▶ _Task to complete_: Retype each of the records below exactly, leaving the pictures out.

---

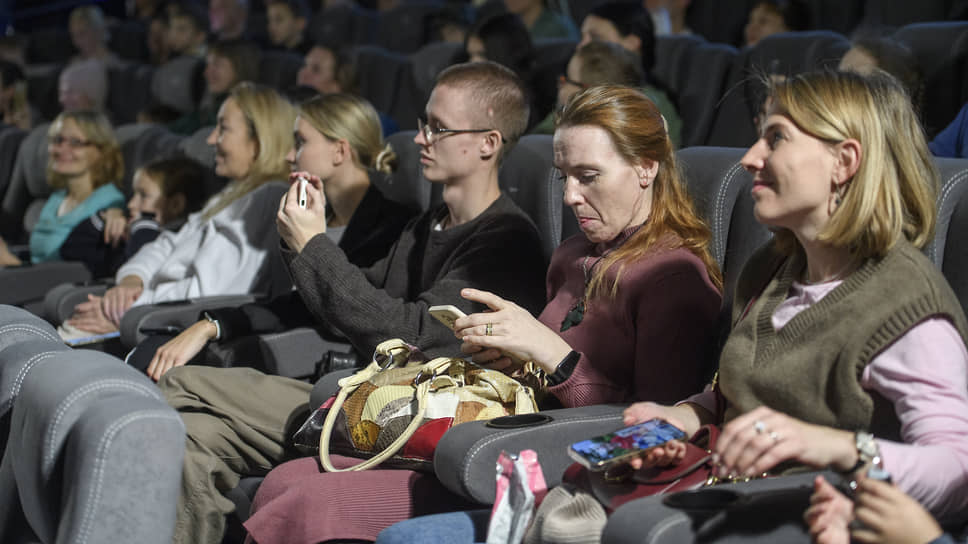 Премьера «Яга на нашу голову»
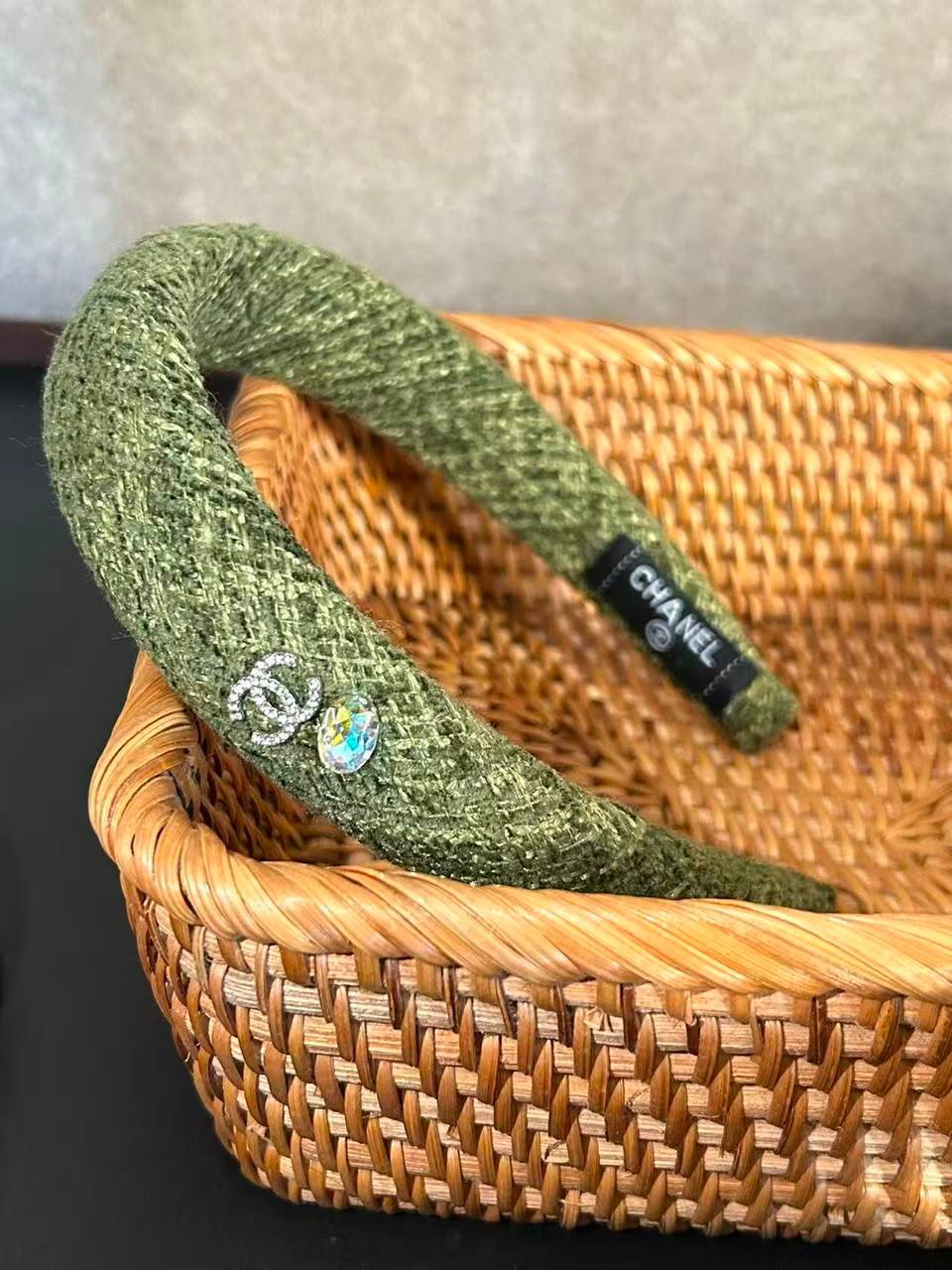 Head Accessories 😍
good quality 💯
With paper bag🛍️
50 DHS🇦🇪🇦🇪🇦🇪
With master box 📦 
60 DHS🇦🇪🇦🇪🇦🇪

Zain216
♥️♥️♥️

---

▶ _Answer to this exercise_:
 Премьера «Яга на нашу голову»
 Head Accessories 😍
good quality 💯
With paper bag🛍️
50 DHS🇦🇪🇦🇪🇦🇪
With master box 📦 
60 DHS🇦🇪🇦🇪🇦🇪

Zain216
♥️♥️♥️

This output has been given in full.